2020年度西宮市当初予算編成に対する申し入れ書:健康福祉局/* --項目挿入-- */?>
2019年09月04日
- 家族の介護のために仕事をやめる「介護離職」が年間10万人近くに上り、「介護難民」と呼ばれる行き場のない要介護高齢者が数十万人規模にのぼるなど、介護をめぐる問題が、高齢者はもちろん現役世代にとって重大な不安要因となっている。

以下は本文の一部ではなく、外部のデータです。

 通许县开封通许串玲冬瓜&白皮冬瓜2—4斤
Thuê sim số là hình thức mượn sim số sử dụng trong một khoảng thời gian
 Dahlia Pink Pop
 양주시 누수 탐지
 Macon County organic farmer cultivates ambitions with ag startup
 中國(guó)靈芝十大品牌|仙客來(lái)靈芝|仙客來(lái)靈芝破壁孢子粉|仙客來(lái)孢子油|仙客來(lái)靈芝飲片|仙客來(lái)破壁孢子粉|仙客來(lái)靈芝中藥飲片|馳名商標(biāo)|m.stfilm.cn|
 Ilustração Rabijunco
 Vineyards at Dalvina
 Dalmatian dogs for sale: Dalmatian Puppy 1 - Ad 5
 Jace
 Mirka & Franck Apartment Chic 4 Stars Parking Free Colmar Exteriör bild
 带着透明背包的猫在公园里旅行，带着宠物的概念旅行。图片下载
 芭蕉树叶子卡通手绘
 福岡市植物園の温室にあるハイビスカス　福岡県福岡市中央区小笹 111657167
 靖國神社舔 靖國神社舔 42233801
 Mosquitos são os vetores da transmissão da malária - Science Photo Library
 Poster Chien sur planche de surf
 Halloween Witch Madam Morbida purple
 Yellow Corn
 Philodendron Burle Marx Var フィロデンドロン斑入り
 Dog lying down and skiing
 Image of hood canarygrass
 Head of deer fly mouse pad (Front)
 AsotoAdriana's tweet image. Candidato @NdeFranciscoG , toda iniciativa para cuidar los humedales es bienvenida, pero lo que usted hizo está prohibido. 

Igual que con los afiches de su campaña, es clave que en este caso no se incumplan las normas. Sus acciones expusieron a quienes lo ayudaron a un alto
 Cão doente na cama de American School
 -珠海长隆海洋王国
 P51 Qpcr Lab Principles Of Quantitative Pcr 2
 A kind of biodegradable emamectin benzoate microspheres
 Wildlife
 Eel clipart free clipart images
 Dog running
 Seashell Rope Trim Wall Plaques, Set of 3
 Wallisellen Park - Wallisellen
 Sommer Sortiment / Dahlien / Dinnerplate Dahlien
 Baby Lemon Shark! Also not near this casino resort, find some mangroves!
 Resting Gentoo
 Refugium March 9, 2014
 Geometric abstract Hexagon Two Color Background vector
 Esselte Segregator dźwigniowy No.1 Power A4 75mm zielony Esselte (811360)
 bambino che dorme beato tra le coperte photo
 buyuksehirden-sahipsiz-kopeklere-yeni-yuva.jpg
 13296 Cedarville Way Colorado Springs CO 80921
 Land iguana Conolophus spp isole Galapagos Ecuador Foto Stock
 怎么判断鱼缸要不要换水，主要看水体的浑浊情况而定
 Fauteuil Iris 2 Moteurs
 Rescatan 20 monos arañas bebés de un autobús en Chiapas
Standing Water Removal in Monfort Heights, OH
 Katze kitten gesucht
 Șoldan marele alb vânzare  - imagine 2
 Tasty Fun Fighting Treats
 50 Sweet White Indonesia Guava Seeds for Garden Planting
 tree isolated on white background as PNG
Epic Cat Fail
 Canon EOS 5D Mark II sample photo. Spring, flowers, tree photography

「独居老人」や「老々介護世帯」が急増し、高齢者の貧困・孤立が進行するなか、65歳以上の「孤立死・孤独死」は年間2万人にのぼると推計され、介護を苦にした殺人・殺人未遂が、年間に約50件、1週間に1件のペースで起こる状況も続いている。 安倍政権はにわかに「介護離職ゼロ」などといいだしたが、この7年間、同政権が実際に行ってきたのは、公的給付の削減や利用料の引き上げなど、“介護を受けにくくする制度改悪”の連打であった。これでは、介護をめぐる危機的事態は深刻化するばかりである。 安倍政権による介護切り捨ての改悪を許さず、現役世代も高齢者も安心できる公的介護制度に転換させるため、以下の項目にとりくむこと。
- 介護保険料に対する国庫負担は20%と調整交付金の5%に分けられているが、調整交付金は満額支給となっていない。これを満額支給することと合わせ、国庫負担金を30%に引き上げるよう国に求めること。
- 高齢者にとって大変重い負担となっている介護保険料を、他市では一般財源を投入して引き下げをしている事例がある。市も一般財源を投入して引き下げること。県に対しては県基金の活用も求めること。
- 市独自の保険料減免を行なっているが、対象はわずかである。一般会計からの繰り入れで、減免を拡充すること。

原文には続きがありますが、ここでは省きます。